Il pensionato negli ultimi giorni era stato protagonista delle cronache e avevo aperto il dibattito sulla legittima difesa, intervenendo anche in una discussa apparizione televisiva a Domenica Cinque. Adesso Forza Italia ha deciso di farlo scendere in campo nell’arena politica milanese.

Francesco Sicignano sarà nella lista elettorale di Forza Italia alle prossime elezioni amministrative, candidato come consigliere comunale di Milano. Ad annunciarlo sono stati gli attuali consiglieri in una conferenza stampa.

Il coordinatore milanese di Forza Italia Fabio Altitonante ha dichiarato: “Non vogliamo essere il partito del Far West, ma vogliamo la sicurezza per tutti i cittadini, anche nelle loro case, magari costruite dopo anni di sacrifici. Sicurezza e libertà di vivere i propri spazi senza che questi vengano violati. Francesco rappresenta questi valori che Forza Italia sostiene, perché oggi la sicurezza non è più garantita”.

Durante la conferenza stampa, Francesco Sicignano ha espresso il suo parere nei confronti del leader di Forza Italia: “Ho molta stima per Silvio Berlusconi. Dopo tutto quello che ha passato, ha deciso comunque di rimanere in politica perché gli sta a cuore il bene del Paese. Credo che l’Italia vada gestita come un’azienda.

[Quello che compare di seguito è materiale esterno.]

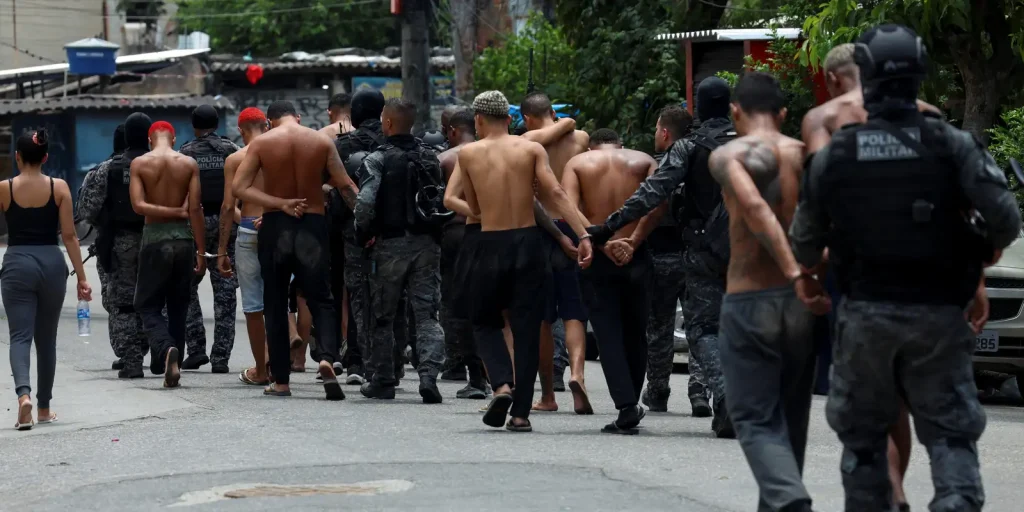 Operation in Rio leaves 18 suspects dead and 56 arrested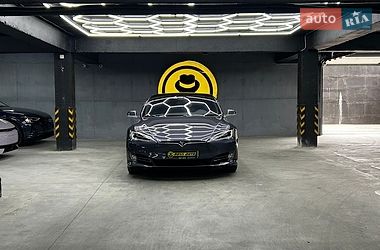 Ліфтбек Tesla Model S 2020 в Чернівцях
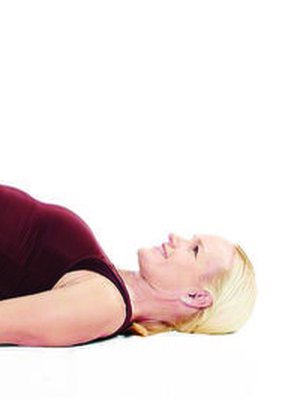 Kuminauha on lyömätön väline, kun haluat treenata vartaloa monipuolisesti. Kuvat: Lasse Lecklin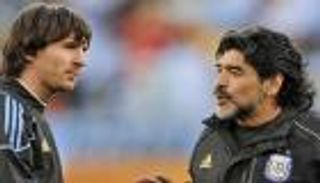 مارادونا ينفي الإساءة لميسي ويطالب بعودته لمنتخب "التانجو"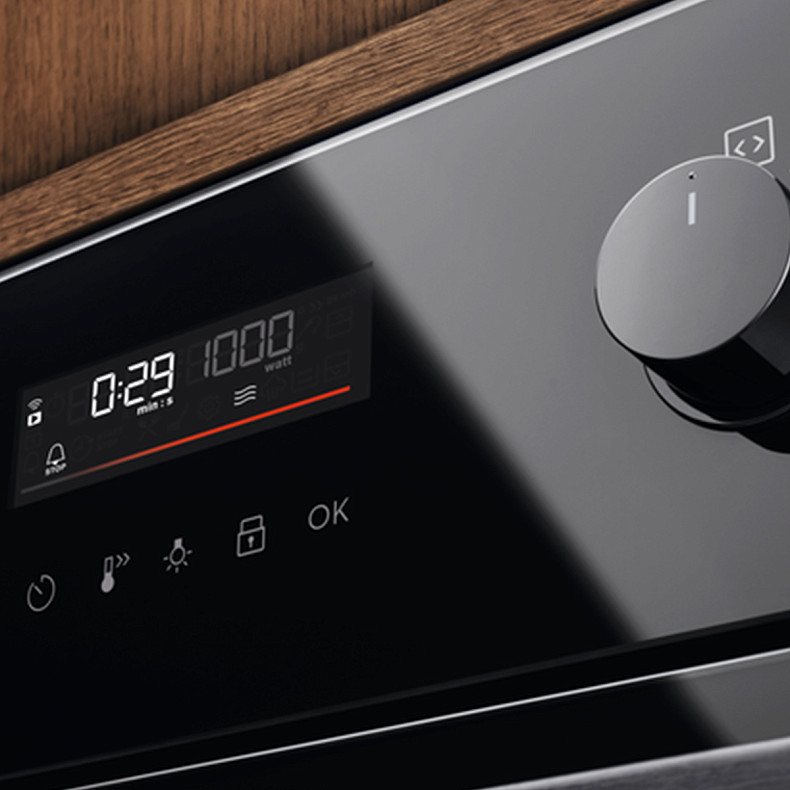 Духовой шкаф электрический Electrolux LVL8E09Z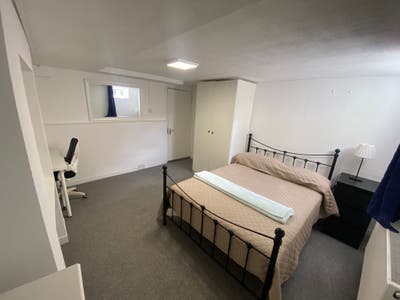 Guildford:Double Room 25 Springfield Rd Central Main Photo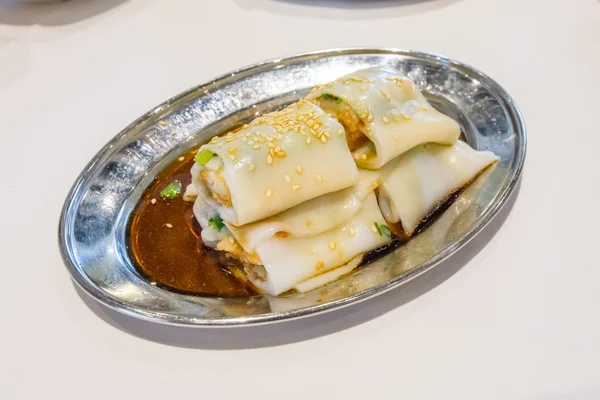 Çin geleneksel yemekleri Dim Sum veya leziz çaça yemekleri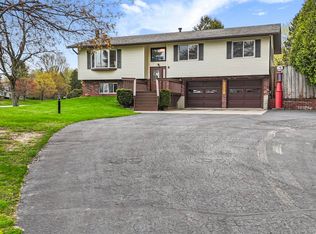 3032 Silver Lake Rd, Traverse City, MI 49684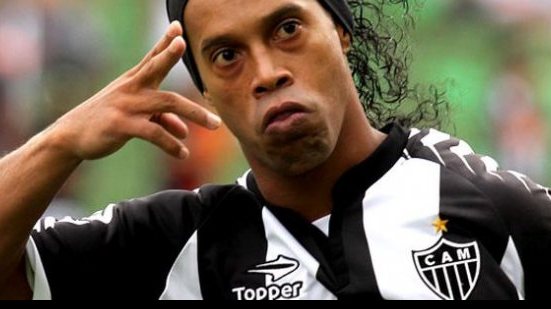 Imagem Ronaldinho Gaúcho continua na mira de time turco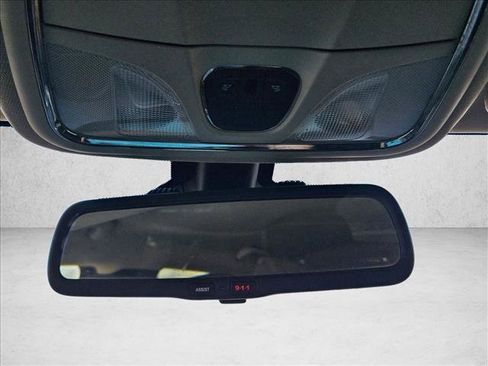 Used 2017 Jeep Cherokee Latitude FWD image 12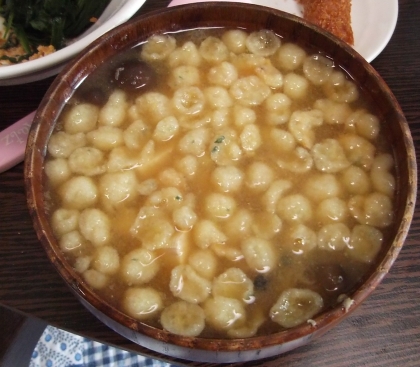 子供がめちゃくちゃ食べました！油揚げもいいですが、揚げ玉もいいですね！！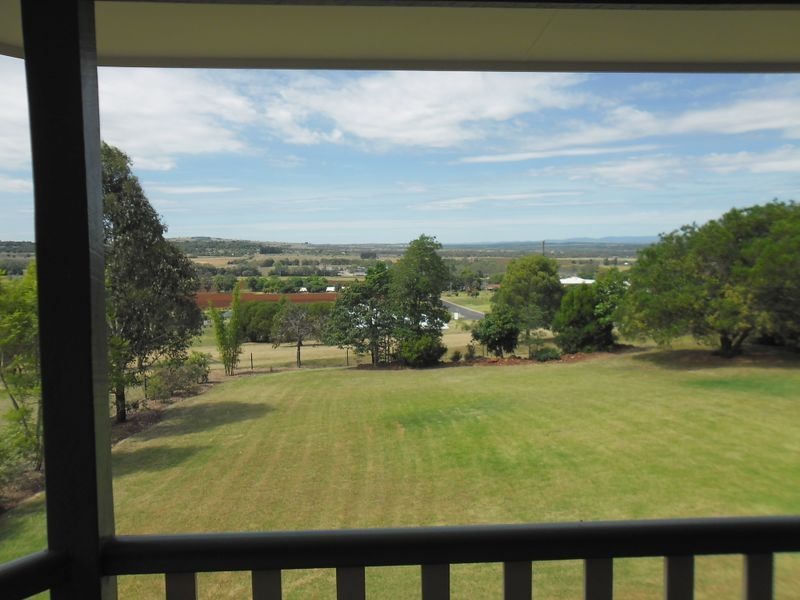 1 Sonaree Drive, Kingaroy QLD 4610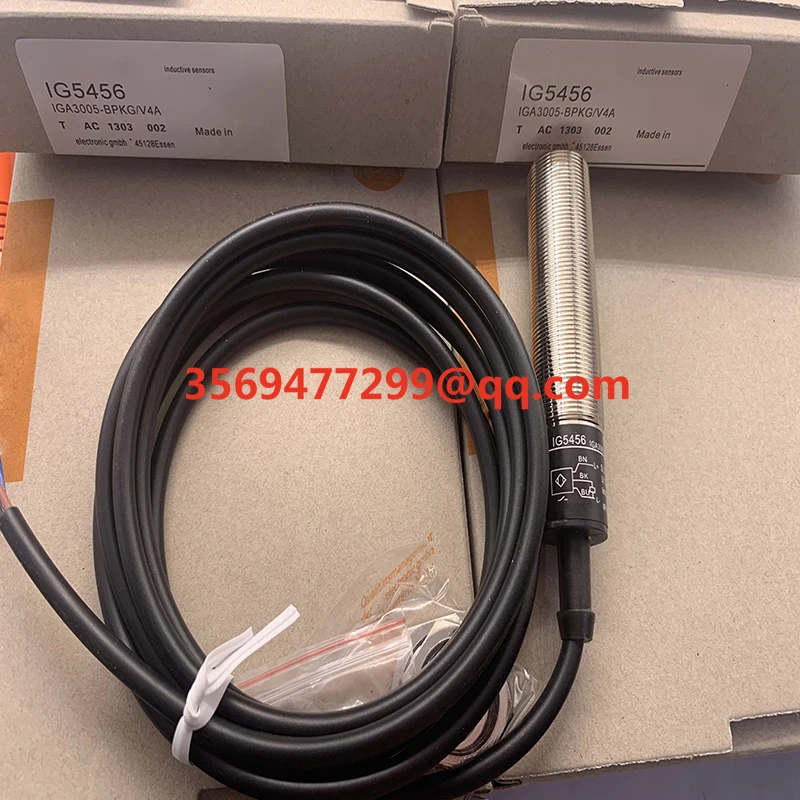 

Brand new stock IG5404 IG5456 Proximity switch sensor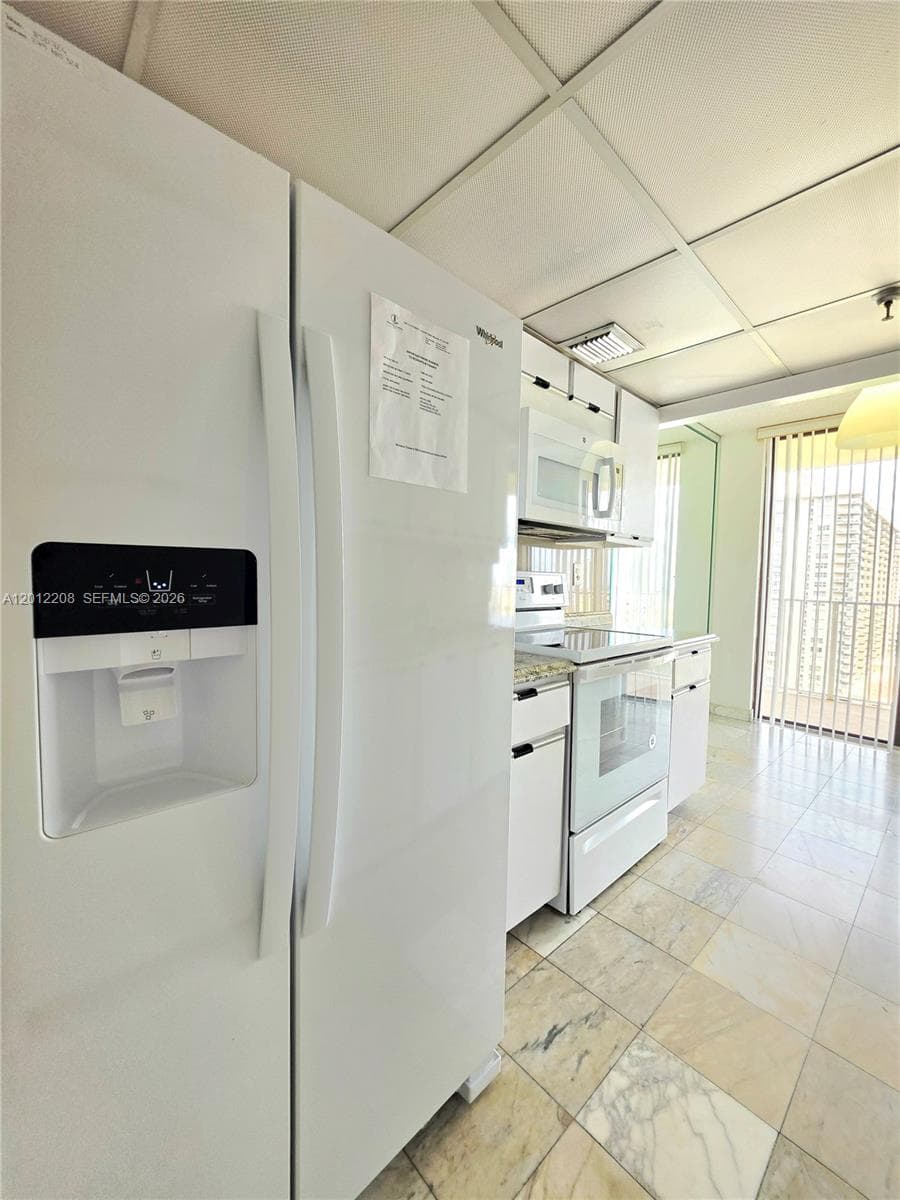 290 174th St 1517 photo 13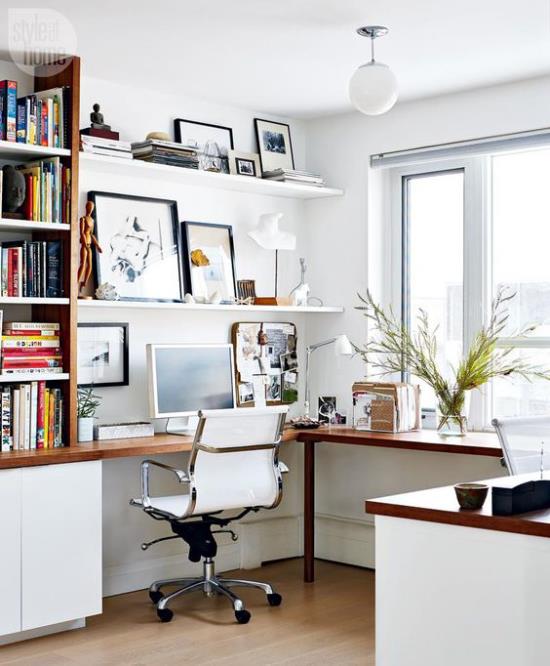 שולחן פינתי משרד ביתי מודרני כיסא משרדי נוח אקלים בחדר חיובי עבודה מוצלחת במשרד הביתי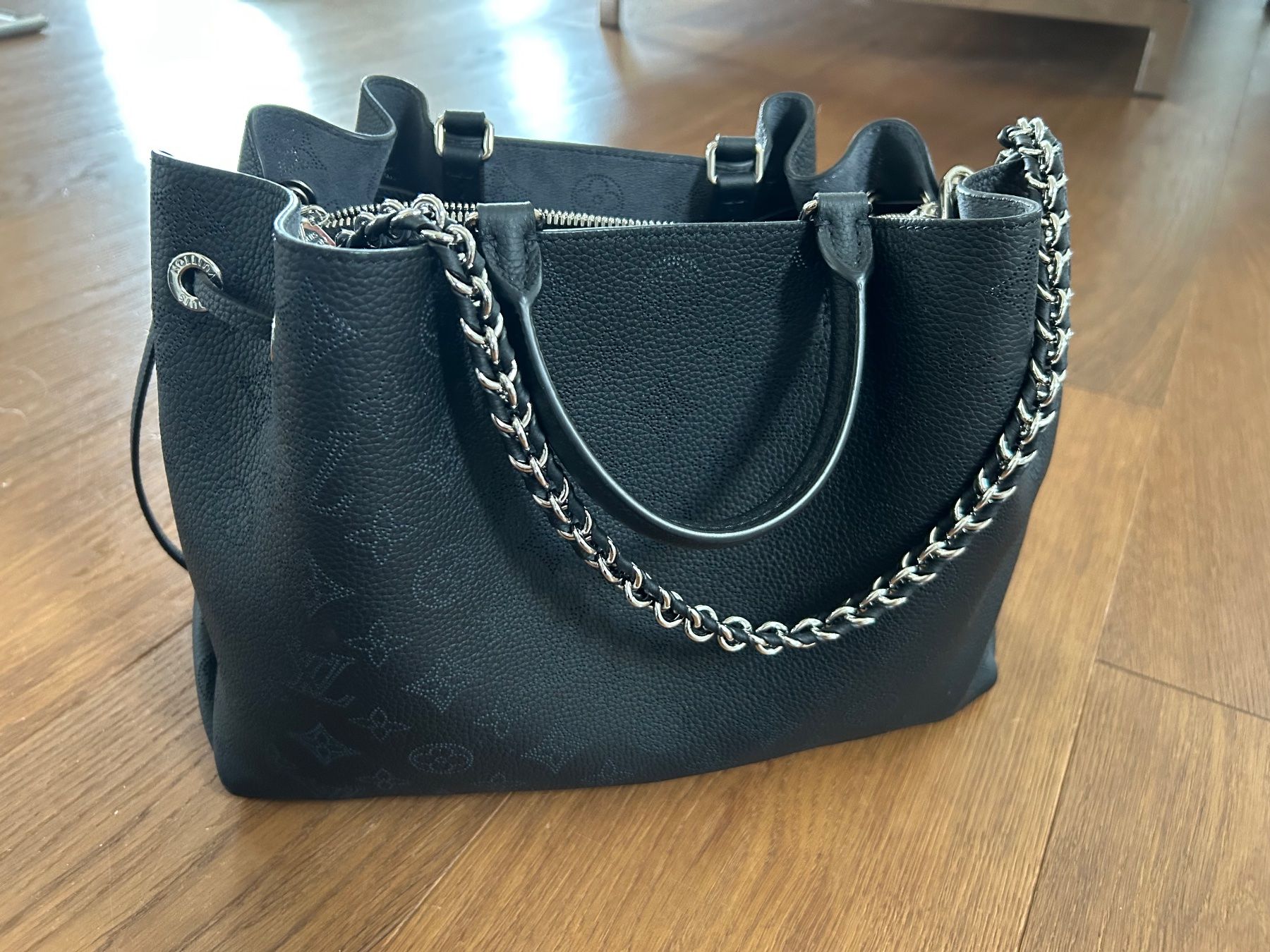 Louis Vuitton Borse da donna: Tasche Louis Vuitton Bella Tote schwarz – Nuovo (secondo la descrizione) da Schwyz venduto da lookatit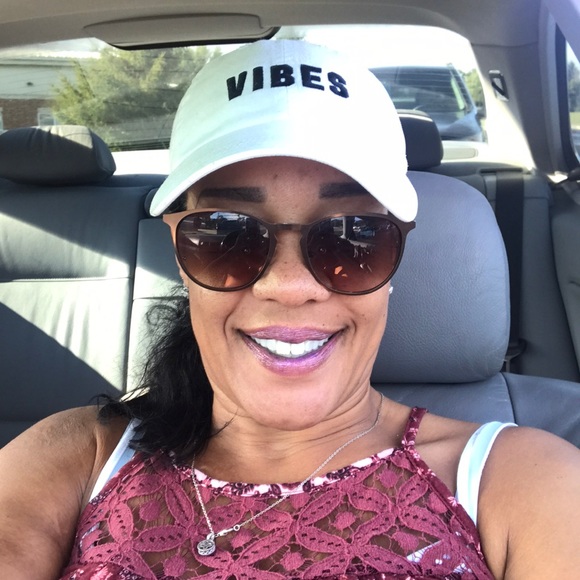 Meet your Posher, Heidi - Picture 1 of 1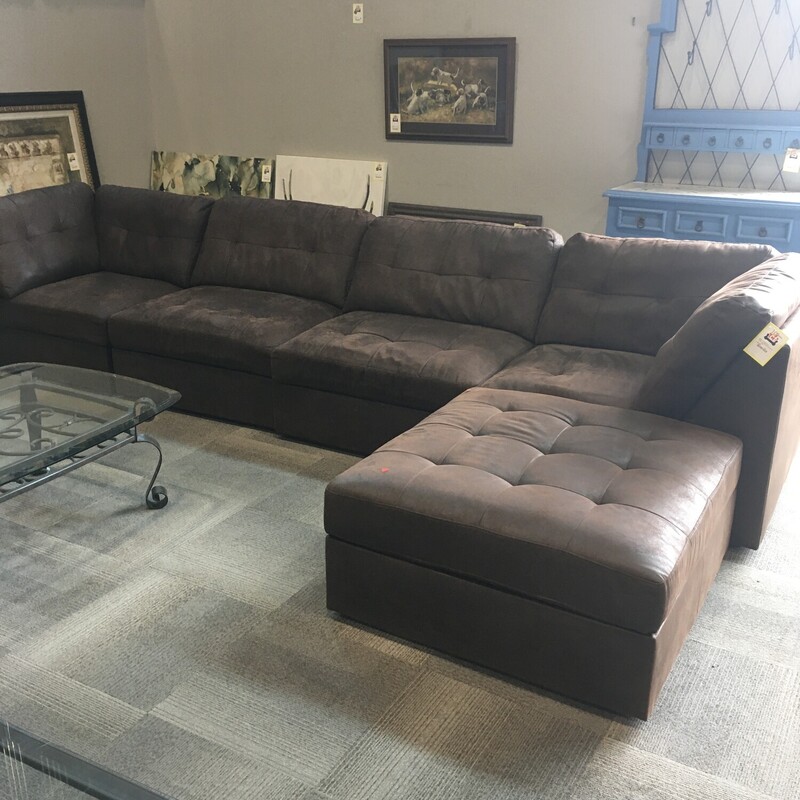 5pc Brown Sectional/otto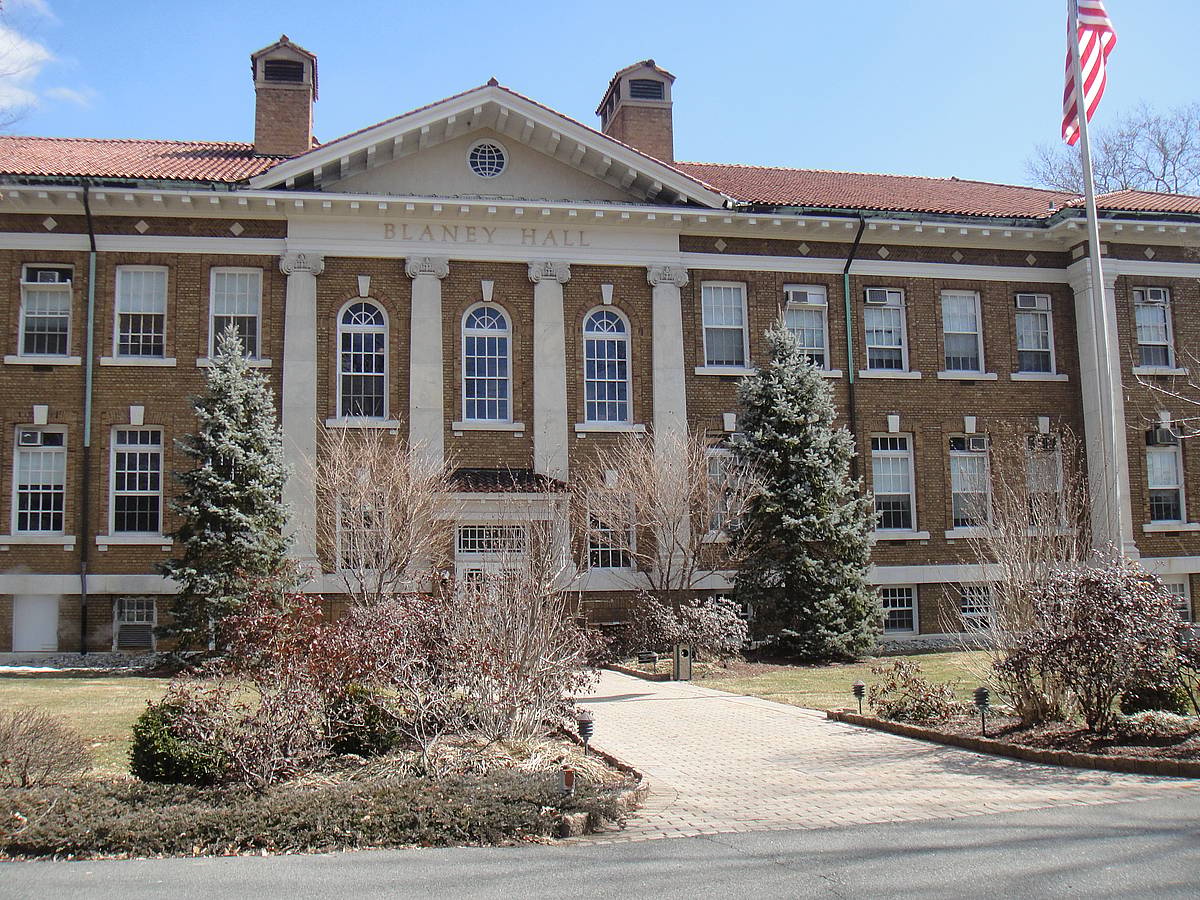 Cedar Crest College campus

Per tutta la vita ho votato l’Msi, ma alle ultime elezioni ho scelto Forza Italia”.

Sicignano ha poi aggiunto: “Abbiamo una cosa in comune: a lui piace la gnocca, a me anche piaceva”.

Francesco Sicignano si è quindi rivolto al ministro dell’Interno Angelino Alfano: “Lavoriamo sulla proprietà che è sacrosanto diritto da difendere, questo non vuol dire che tutti devono avere armi, ma a chi le sa gestire. In Italia non c’è sicurezza, serve fare qualcosa al più presto, faccio un appello anche al ministro Alfano e gli dico che serve fare un rastrellamento del Paese da Nord a Sud, perché tutti qui entrano senza controlli”.